* [Exercise description]: In the listing that follows, find the line with "Kasus Mpox Sierra", then copy exactly from it through the line with "Obesity, Diabetes, and Foot Conditions", leaving out every picture.

* [Records shown]:

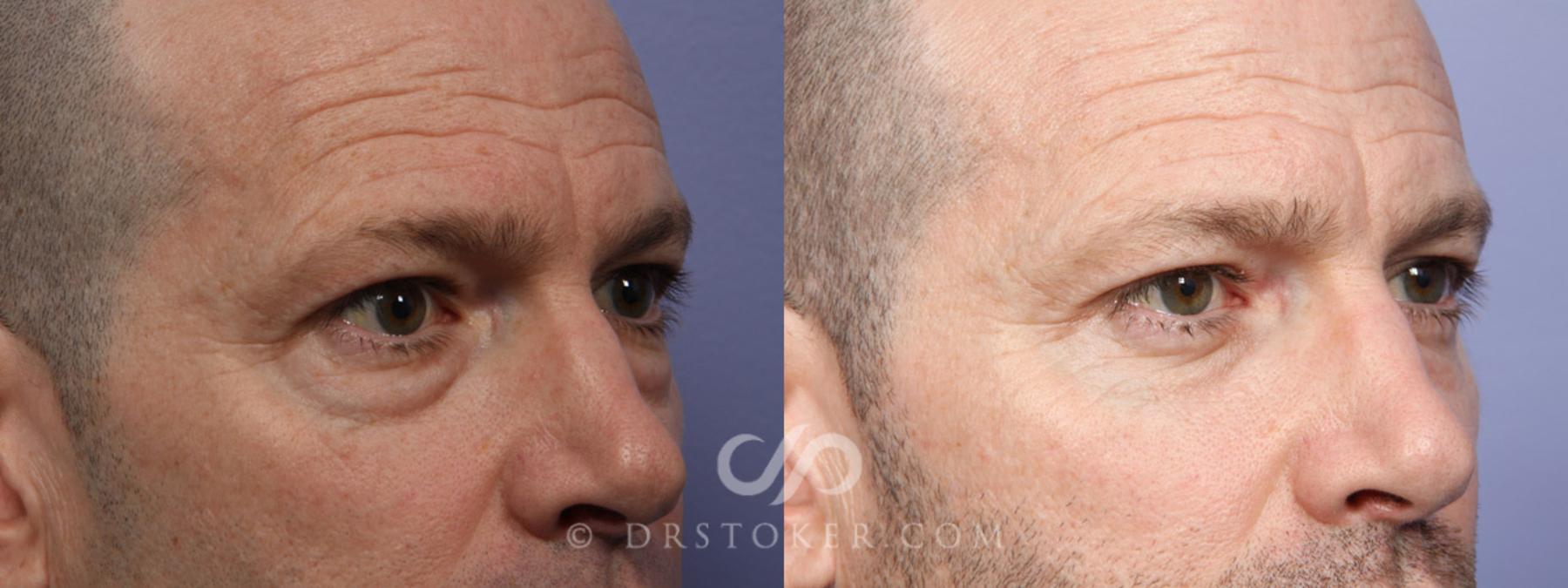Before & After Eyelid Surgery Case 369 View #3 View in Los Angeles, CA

* * *

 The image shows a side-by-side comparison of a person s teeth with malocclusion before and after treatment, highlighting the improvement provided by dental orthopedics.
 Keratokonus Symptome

--

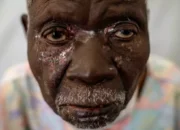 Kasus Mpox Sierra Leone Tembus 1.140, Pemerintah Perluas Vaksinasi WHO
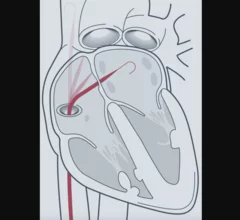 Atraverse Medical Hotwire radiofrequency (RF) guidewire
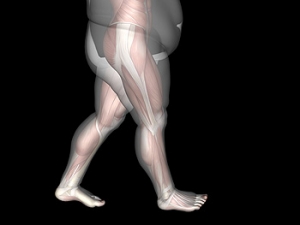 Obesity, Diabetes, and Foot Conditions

* [Reply to the exercise]:
 Kasus Mpox Sierra Leone Tembus 1.140, Pemerintah Perluas Vaksinasi WHO
 Atraverse Medical Hotwire radiofrequency (RF) guidewire
 Obesity, Diabetes, and Foot Conditions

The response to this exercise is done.